Il panico collettivo di questi giorni, ben rappresentato dalla corsa agli acquisti esasperata per fare scorte quale ci fosse una guerra atomica incombente, è la prova che la nostra società iper-conessa sta diventando iper-eccitabile e influenzabile dalle notizie. La paura del contagio, lecita e plausibile, in certi casi si è trasformata in atteggiamento irrazionale e ne conosciamo la causa. Le notizie hanno bombardato tutti noi con costante ricorrenza ripetendo sempre le stesse cose, aggiornando in modo quasi maniacale il numero dei contagiati e delle vittime: una simile abbondanza di stimoli negativi è difficile da gestire. L’homo cultura si è fatto sopraffare dell’homo natura delle origini che mai avrebbe tollerato di essere tartassato in questo modo, c’è da chiedersi come mai. L’homo natura nella sua evoluzione verso la cultura ha perso qualcosa? Sì, la capacità di affrontare i pericoli e combatterli, dipendente come è dai media digitali è iper-informato ma non iper-protetto interiormente e per questa ragione non sa difendersi a sufficienza; l’essere umano ricorre troppo frequentemente alle benzodiazepine per stare calmo e non è capace di razionalizzare. Usa il paleocervello e a volte dimentica la corteccia evoluta.

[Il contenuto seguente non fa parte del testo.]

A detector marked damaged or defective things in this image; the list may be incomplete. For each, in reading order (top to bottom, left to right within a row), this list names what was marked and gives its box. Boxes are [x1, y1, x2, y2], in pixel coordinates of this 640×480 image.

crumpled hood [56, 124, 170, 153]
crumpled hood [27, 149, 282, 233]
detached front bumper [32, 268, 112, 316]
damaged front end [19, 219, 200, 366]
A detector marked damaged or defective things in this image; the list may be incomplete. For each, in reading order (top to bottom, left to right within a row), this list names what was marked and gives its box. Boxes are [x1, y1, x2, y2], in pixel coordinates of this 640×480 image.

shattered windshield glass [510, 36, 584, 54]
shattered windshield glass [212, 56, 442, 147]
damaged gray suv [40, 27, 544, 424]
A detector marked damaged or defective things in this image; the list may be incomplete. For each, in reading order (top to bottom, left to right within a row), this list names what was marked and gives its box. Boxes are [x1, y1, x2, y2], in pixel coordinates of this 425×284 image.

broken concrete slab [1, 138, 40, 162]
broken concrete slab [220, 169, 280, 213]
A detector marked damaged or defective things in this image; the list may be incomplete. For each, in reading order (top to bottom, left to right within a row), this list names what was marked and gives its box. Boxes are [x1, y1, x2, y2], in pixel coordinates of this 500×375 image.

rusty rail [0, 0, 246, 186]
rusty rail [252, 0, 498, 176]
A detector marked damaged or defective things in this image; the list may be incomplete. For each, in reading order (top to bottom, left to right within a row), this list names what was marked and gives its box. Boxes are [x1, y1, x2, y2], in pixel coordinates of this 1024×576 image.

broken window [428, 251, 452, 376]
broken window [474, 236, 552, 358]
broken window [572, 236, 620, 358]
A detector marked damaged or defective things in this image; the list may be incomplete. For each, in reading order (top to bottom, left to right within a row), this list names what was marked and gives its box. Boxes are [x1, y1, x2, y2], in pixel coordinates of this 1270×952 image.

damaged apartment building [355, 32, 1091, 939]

Per fortuna una certa ironia con battute di spirito veicolata nei social e tra le persone nella vita reale sta raffreddando la situazione, ciò non significa essere superficiali o sottovalutare la malattia e neppure essere insensibili nei confronti dei malati gravi o dei morti, ma vuol dire semplicemente voglio vivere, non voglio ammalarmi, voglio vedere il mio domani. Ogni giorno nel mondo ci sono morti, malati, feriti e nonostante ciò cerchiamo di vivere sorridendo alle avversità: ognuno di noi deve pensare al proprio ben-essere ed è giusto così. Tutto questo discorso non si limita a dare suggerimenti sul nuovo virus, ma vuole mostrare come affrontare le situazioni critiche per non diventarne precocemente o inutilmente vittime sacrificali.

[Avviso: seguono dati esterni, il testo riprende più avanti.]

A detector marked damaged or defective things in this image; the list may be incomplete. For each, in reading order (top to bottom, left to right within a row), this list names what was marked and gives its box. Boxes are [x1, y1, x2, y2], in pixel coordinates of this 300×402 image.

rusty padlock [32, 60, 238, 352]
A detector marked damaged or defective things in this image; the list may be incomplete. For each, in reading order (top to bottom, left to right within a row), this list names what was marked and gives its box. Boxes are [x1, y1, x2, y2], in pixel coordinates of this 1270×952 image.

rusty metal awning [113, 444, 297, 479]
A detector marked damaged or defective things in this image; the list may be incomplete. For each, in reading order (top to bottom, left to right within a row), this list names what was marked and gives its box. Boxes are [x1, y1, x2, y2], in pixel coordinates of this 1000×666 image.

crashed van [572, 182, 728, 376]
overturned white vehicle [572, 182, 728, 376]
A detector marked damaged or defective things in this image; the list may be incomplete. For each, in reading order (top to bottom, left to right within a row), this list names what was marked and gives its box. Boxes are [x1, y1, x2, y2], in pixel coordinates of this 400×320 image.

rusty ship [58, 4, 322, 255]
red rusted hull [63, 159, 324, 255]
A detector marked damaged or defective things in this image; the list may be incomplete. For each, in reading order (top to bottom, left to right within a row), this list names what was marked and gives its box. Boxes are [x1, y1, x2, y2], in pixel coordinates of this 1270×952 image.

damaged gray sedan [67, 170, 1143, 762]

Prima di morire Socrate disse: “O Critone, noi siamo debitori di un gallo ad Asclepio: dateglielo e non dimenticatevene!” Asclepio era il dio della medicina e a queste ultime parole gli studiosi dettero varie interpretazioni. Il noto filosofo Michel Foucault morto negli anni ’80 del ‘900 ritenne di dare questa versione: Critone e Socrate devono il gallo ad Asclepio perché, grazie a un provvidenziale sogno, sono guariti da un delirio della mente che suggeriva a Critone di far fuggire Socrate dal carcere sottraendosi alle Leggi. Portato alla contemporaneità mi piace pensare che questa frase socratica ci possa dire di ringraziare la Medicina, unica Arte capace di salvarci dai virus. Senza sopprimere alcun gallo, possiamo dire un grazie attraverso atteggiamenti solidali, senza spargere semi di discordia, amando noi stessi e quindi gli altri, uscendo nuovamente di casa consapevoli di dover seguire le norme igieniche del caso.